There are three types of leases for lessors, sales-type, direct financing, and operating leases. The terms of the lease arrangement will determine how each lease should be classified. See LG 3 for information on lease classification.
Sales-type lease
In a sales-type lease, a lessor derecognizes the leased asset and records its net investment in the lease at lease commencement. When calculating the net investment in a foreign currency denominated lease, the lease payments and the unguaranteed residual asset should be measured in the functional currency using the exchange rate at the lease commencement date. See LG 4.3.1 for information on initial recognition and measurement of a sales-type lease by a lessor.
For sales-type leases, any selling profit or loss is recognized at the commencement date; interest income is recognized on the lease receivable and the unguaranteed residual asset is accreted over the lease term. These amounts should be measured in the functional currency using the average exchange rate during the period in which it is recognized (e.g., monthly lease expense should be recognized using the average monthly exchange rate). In addition, the net investment in a lease is a monetary asset that should be remeasured at the end of each reporting period using the exchange rate at that date. See FX 4.4.2 for information on the measurement of monetary assets and liabilities. See LG 4.5.1 for information on subsequent recognition of a sales-type lease.
Direct financing lease
In a direct financing lease, a lessor should derecognize the leased asset underlying the lease and record a net investment in the lease at lease commencement. The net investment in the lease should be measured in the same manner as a sales-type lease adjusted for selling profit and initial direct costs. When calculating the net investment in a foreign currency denominated lease, amounts should be measured in the functional currency using the exchange rate at the lease commencement date. See LG 4.3.1 for information on measuring the net investment in a sales-type lease.

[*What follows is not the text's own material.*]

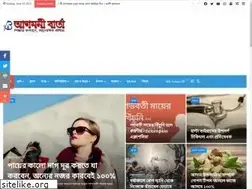Sites similar to agomonibarta.com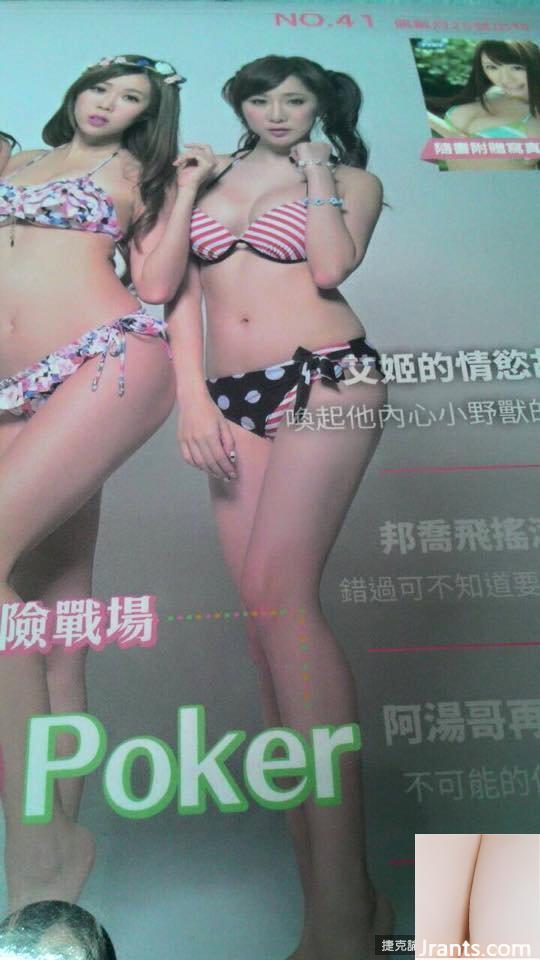 Madou ~ T sexy 34D (Tiffany Chen)~ chỉ mặc quần lót và gối để bạn ôm anh ấy mỗi ngày (46P) - Ảnh 32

For direct financing leases under ASC 842, any selling profit and initial direct costs should be deferred and included in the net investment in the lease. (Note that the definition of a direct finance lease under ASC 842 is different than what it was under ASC 840; a lease that resulted in a selling profit or loss did not meet the definition of a direct financing lease under ASC 840. Rather, a lease that otherwise met the definition of a direct financing lease would have been classified as either a sales-type lease or as an operating lease, in accordance with the lease classification guidance in ASC 840.) These amounts should be recognized over the lease term in a manner that will produce a constant periodic rate of return on the lease when combined with the interest income on the lease receivable and the residual asset. Amounts recorded in the income statement should be measured in the functional currency using the average exchange rate during the period in which it is recognized. Losses on sale should not be deferred; they should be recognized using the impairment guidance for inventory or property, plant, and equipment, as applicable. See LG 4.5.1 for information on subsequent recognition of a direct financing lease. See FX 4.6.1 for information on the impairment of property, plant, and equipment.
The net investment in a lease is a monetary asset that should be remeasured at the end of each reporting period using the exchange rate at that date.
Operating lease
A lessor should recognize rental revenue on a straight-line basis (or another systematic basis) using the average exchange rate during the period in which it is recognized. The lessor would record an unbilled rent receivable when the amount of rental revenue recognized on a straight-line basis exceeds rents currently billed in accordance with the lease. The unbilled rent receivable is a monetary asset that should be measured at the end of each reporting period using the exchange rate at that date. See FX 4.4.2 for information on the measurement of monetary assets. See LG 4.3.3 for information on a lessor's accounting for an operating lease.